There's no question that direct VRAM access is very slow if the
operation needs to read a large number of the pixels. However that isn't
always the case, e.g. consider a 0-width line spanning a diagonal of a
large pixmap.

> > If that turns out to be wrong, or at least the worst case
> > behaviour is better, we should be able to make these paths work for all
> > pixmaps.
> 
> Sounds good, but doable as an additional improvement, I assume.

Sure.

> > Have you made any measurements with e.g. gtkperf or x11perf to
> > see if there are any bad regressions?
> 
> No.  What I measured was RepeatPad operator-over RGB24-source with
> transform.  The cost of direct VRAM read was at least 50 times
> the cost of the GPU blit.
> 
> Naturally, I've also been using my system with these patches for
> some time now.

That's fine, still it would be good to make some additional measurements
to make sure there aren't any bad regressions.

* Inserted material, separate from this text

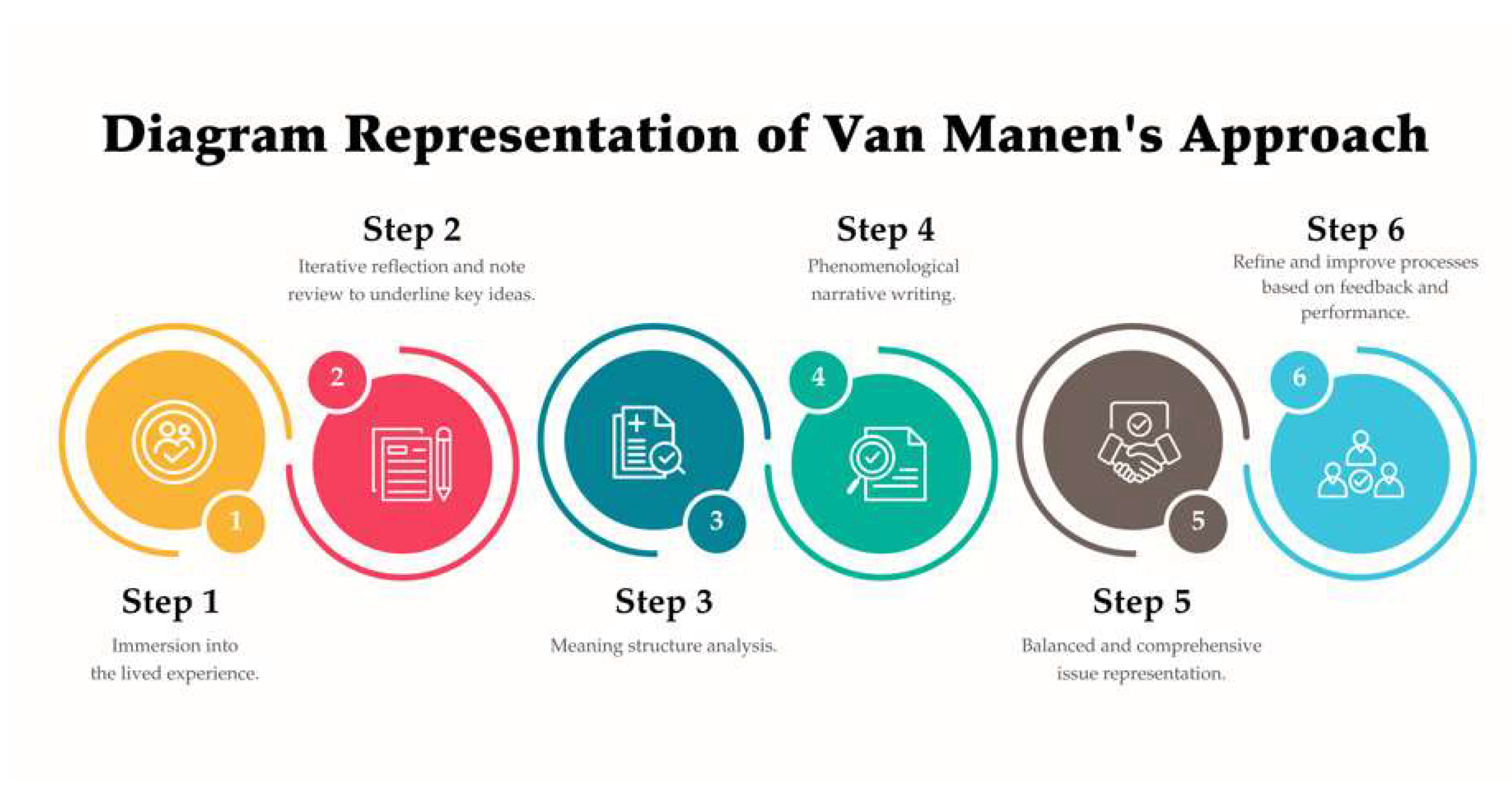 Preprints 146186 g001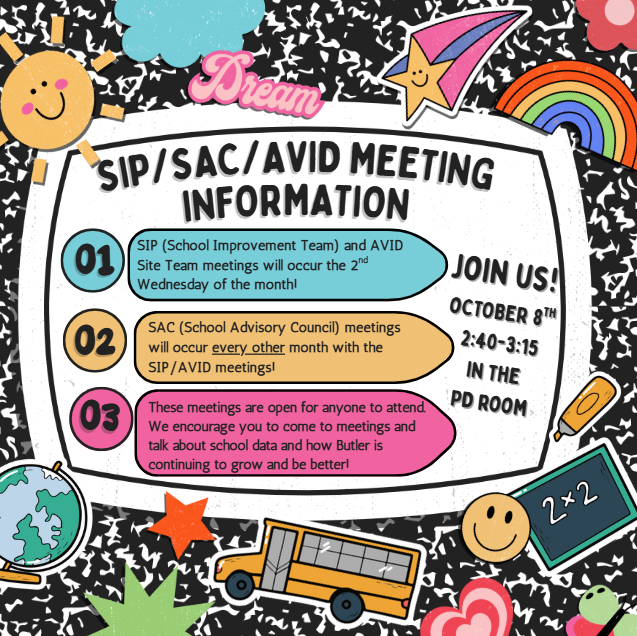 SIP Meeting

> One possible (smaller) regression is when EXA first creates
> a system copy during a write-only operation, it does an unnecessary
> DFS:
> http://lists.x.org/archives/xorg-devel/2010-August/012298.html
> 
> Patch here:
> http://lists.x.org/archives/xorg-devel/2010-August/012299.html

I saw that but haven't got around to reviewing it yet.

> Please do remember that most often improving the slowest paths is
> the most important.  It is the slow paths that get noticed.  In
> this case, it would take many gains in many operations to recover
> the 2 seconds lost trying to read from VRAM.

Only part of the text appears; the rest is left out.